:: TASK BRIEF ::
Below are some records. Output the lines from the first one through the line that holds "Passe Cream Upcycled", exactly as written, with no pictures.

[Crawled caption data]
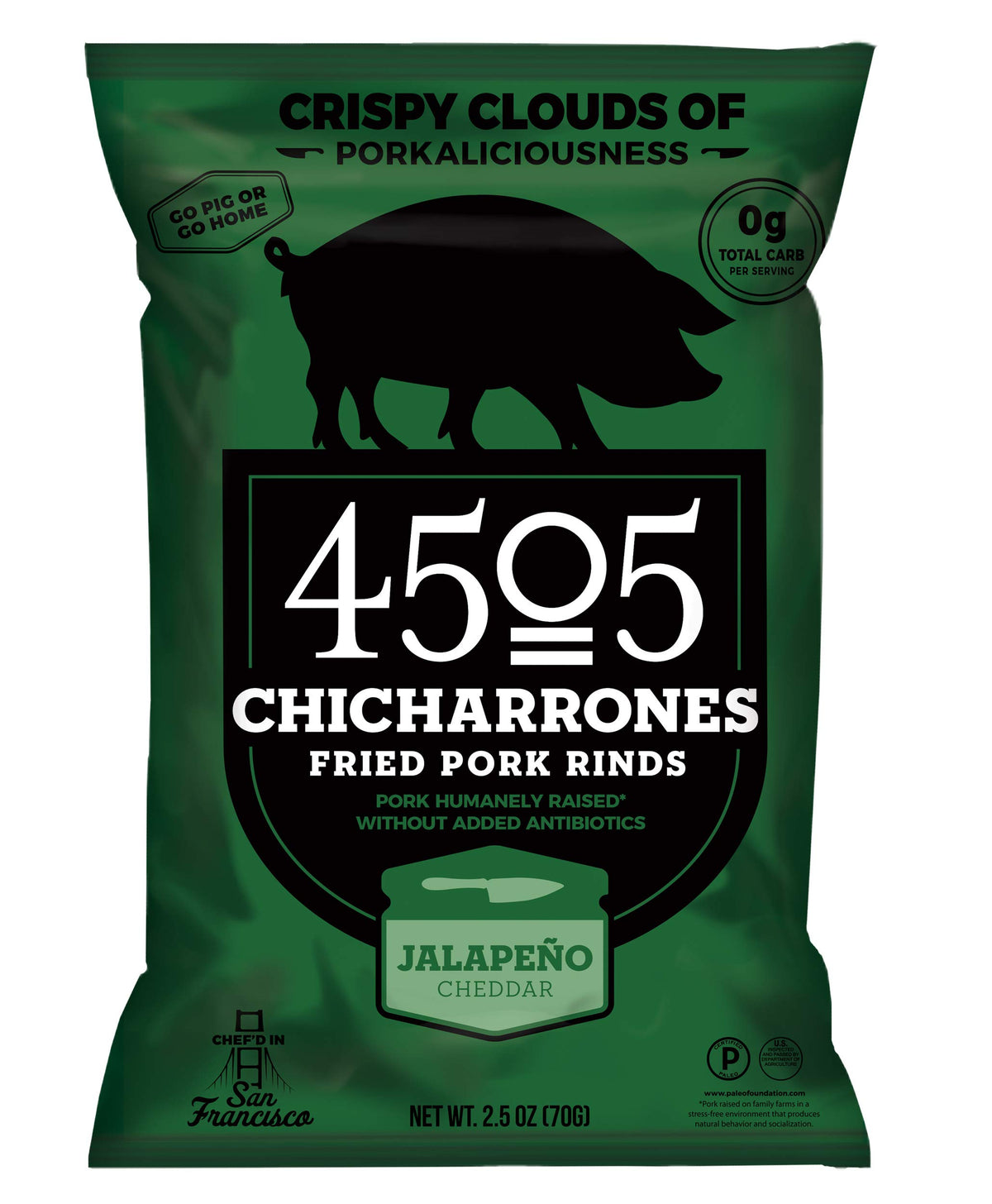 4505 Meats Chicharrones Fried Pork Rinds Jalapeno Cheddar, 2.5 Oz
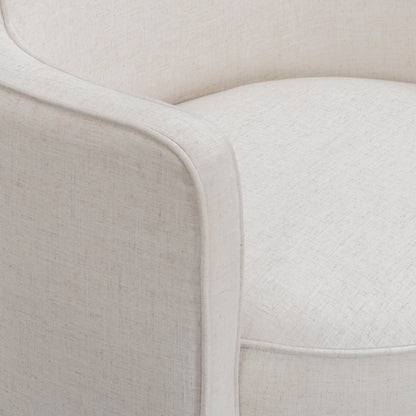 Passe Cream Upcycled Performance Linen Swivel Accent Chair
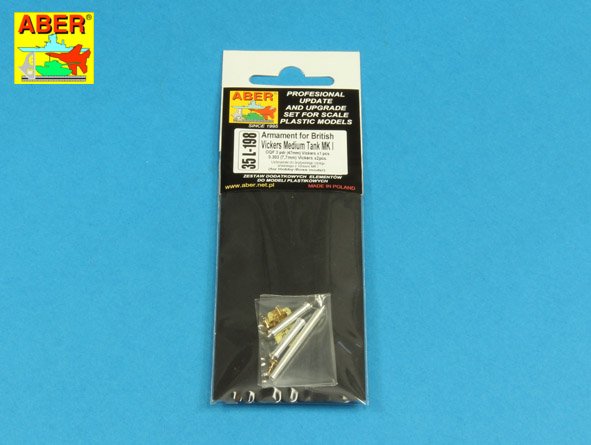 ABR-35-L-198  Дополнения для  Armament for British Vickers Medium Tank MK I OQF 3 pdr Vickers x1 pcs. 0.303 Vickers x2pcs. для Hobby-Boss 1/35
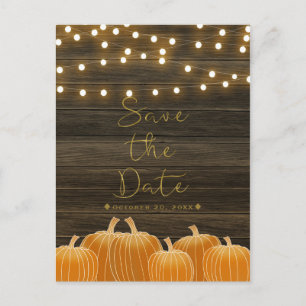 Fall Pumpkins & String Lights Save the Date rustik Ankündigungspostkarte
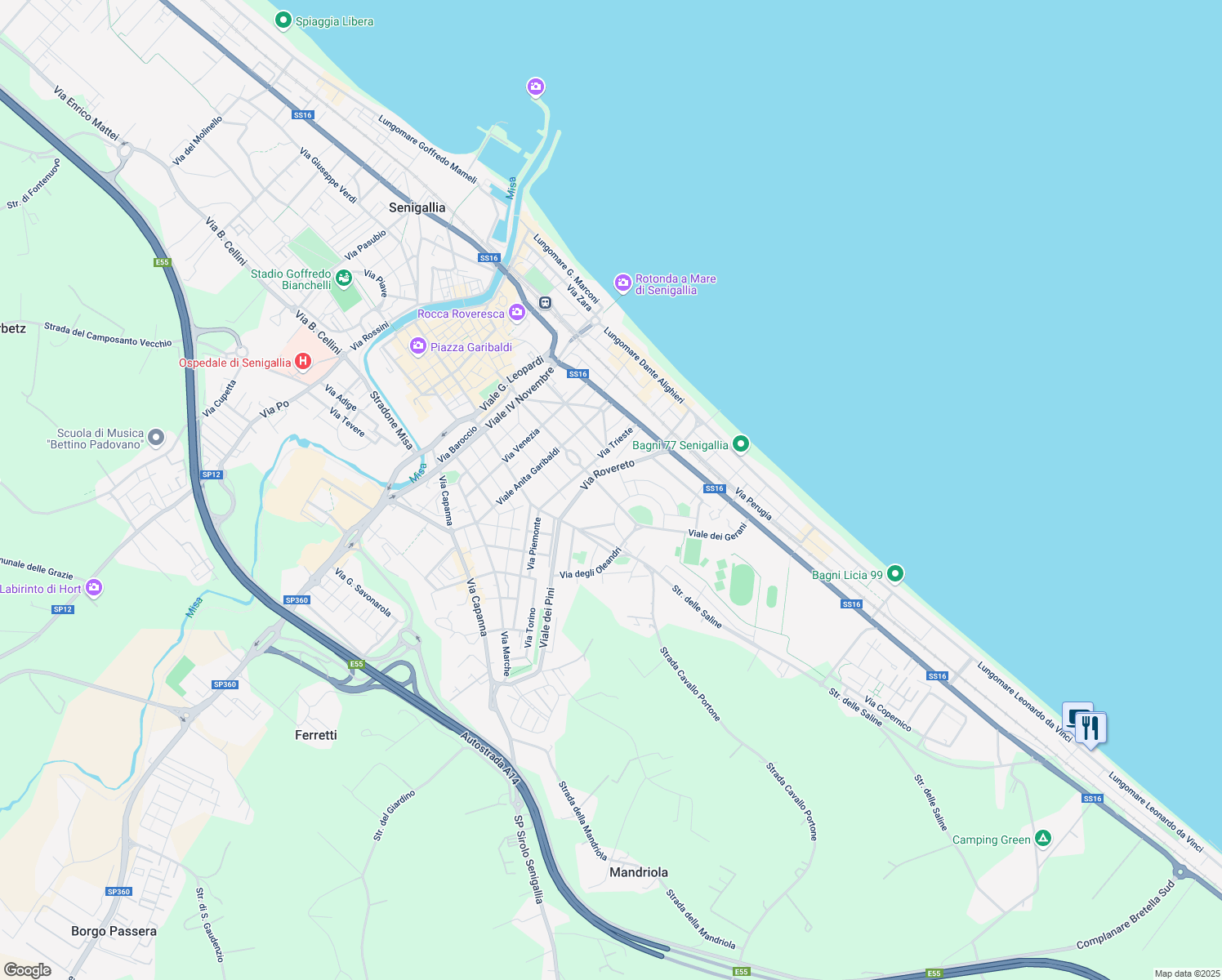 map of restaurants, bars, coffee shops, grocery stores, and more near 3 Viale dei Gerani in Senigallia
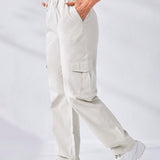 Pantalones deportivos con bolsillo lateral con solapa de cintura con cordon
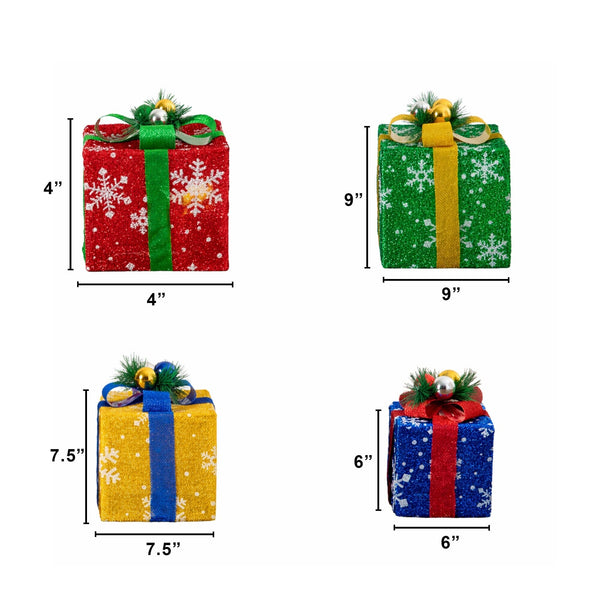 Pre-Lit Christmas Multicolor Gift Boxes with LED Lights and Festive Gift Toppers - Set of 4
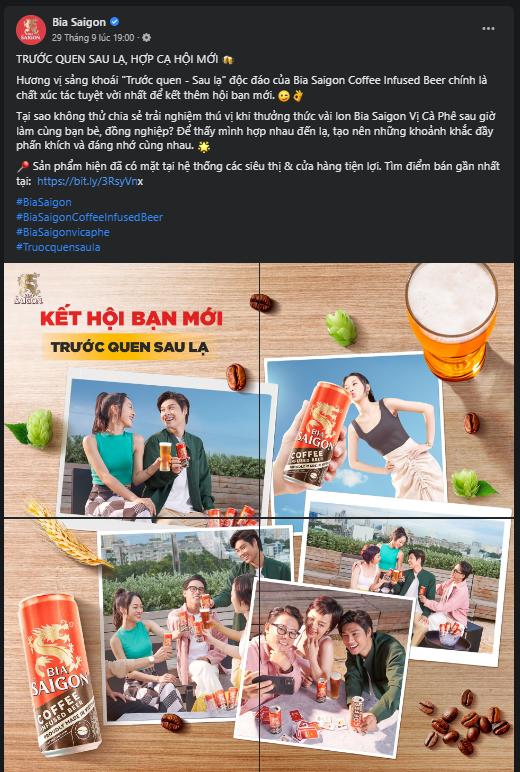 Mẫu content quảng cáo sản phẩm bia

:: THE COMPLETED TASK ::
 4505 Meats Chicharrones Fried Pork Rinds Jalapeno Cheddar, 2.5 Oz
 Passe Cream Upcycled Performance Linen Swivel Accent Chair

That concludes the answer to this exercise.